Yoongi cevap vermemesiyle Hoseok yanına oturmuştu. Yoongi bir şey demeden birini arayıp "Bana gelir misin hemen işimiz var." Telefonu kapatıp Hoseoka dönmüş açtığı videoyu ona göstermeye başlamıştı. Hoseokun kalbi hızlı hızlı atarken dudağını ısırıp yutkunmuştu. Yanakları kıpkırmızı olurken kafasını eğmişti. 

Yoongi telefonu kapatıp cebine koyarken pür dikkat yüz mimiklerini ve tepkilerini izliyordu. "Ö-özür dilerim kafam yerinde deyilmiş hyung.." Yoongi sert bakışlar atarken Hoseok iyice büzülmüştü. 

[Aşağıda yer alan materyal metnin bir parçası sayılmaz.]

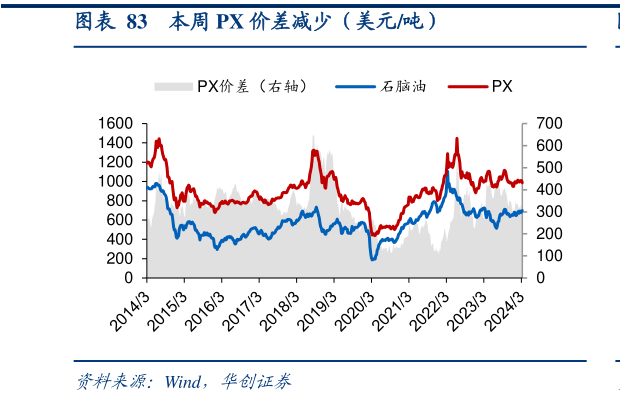 咨询大家本周 PX 价差减少（美元吨）
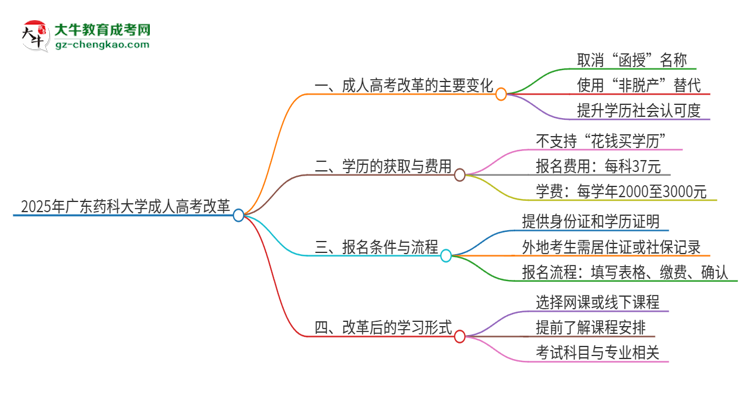 2025年廣東藥科大學(xué)成人高考改革了哪些內(nèi)容？思維導(dǎo)圖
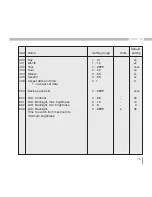 Preview for 75 page of janitza UMG 104 Operating Manual And Technical Data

Yoongi ayağa kalkıp gidince Hoseok dudaklarını ısırmıştı. Aniden tekrar gelince Hoseoku kolundan tutup kaldırıp, bir sandalyeyi tam ortaya çekmiş, Hoseoku oturtmuştu. Ellerini sandayenin arkasından bağlamıştı. Genel olarak Hoseoku sandalyeye bağlarken Hoseok kurtulmaya çalışıyordu. "Hyung ne yapıyorsun a-aç lütfen." 

Yoongi yüzüne eğilip ağzına kravatlarından birini tıkmıştı. Sırıtarak ona bakıp "Hoseok, ibneliğini kendine sakla. Ben heteroyum." Hoseok anlamaz bakışlar atarken kapı açılmış ve bir kadın gelmişti.

Yoongi onu karşılarken kadın bağlanmış Hoseoka kaşları çatık bakıp "Bu kim?" Yoongi kulağına yaklaşıp bir şey fısıldadıktan sonra kadın gülüp Yoongiyi kanepeye itip üzerine çıkmıştı. Sevişmeye başlarken Hoseokun gözleri dolmuştu. Hala çırpınırken ikisi de artık seks yapmaya başlayınca Hoseok çırpınmayı bırakmış sessizce ağlıyordu. 

Kızın inlemeleriyle Hoseok gözlerini sıkıca kapatmıştı. O an kulaklarının yerinden çıkmasını da isterken yapamamıştı. Yoongi altındaki kızı becerirken gözlerini Hoseoktan ayıramıyordu. Ağlamaktan burnunun ucu ve gözleri kıpkırmızı olurken Yoongi kafasını kıza çevirince bir an altındakinin o deyil de Hoseok olduğunu hayal edip daha sert içine girince kız boşalmış ardından içinden çıkıp kızın ağzına boşalmıştı. Kız nefes nefeseyken Yoongi üzerini toplamış kıza bakmadan "Gidebilirsin."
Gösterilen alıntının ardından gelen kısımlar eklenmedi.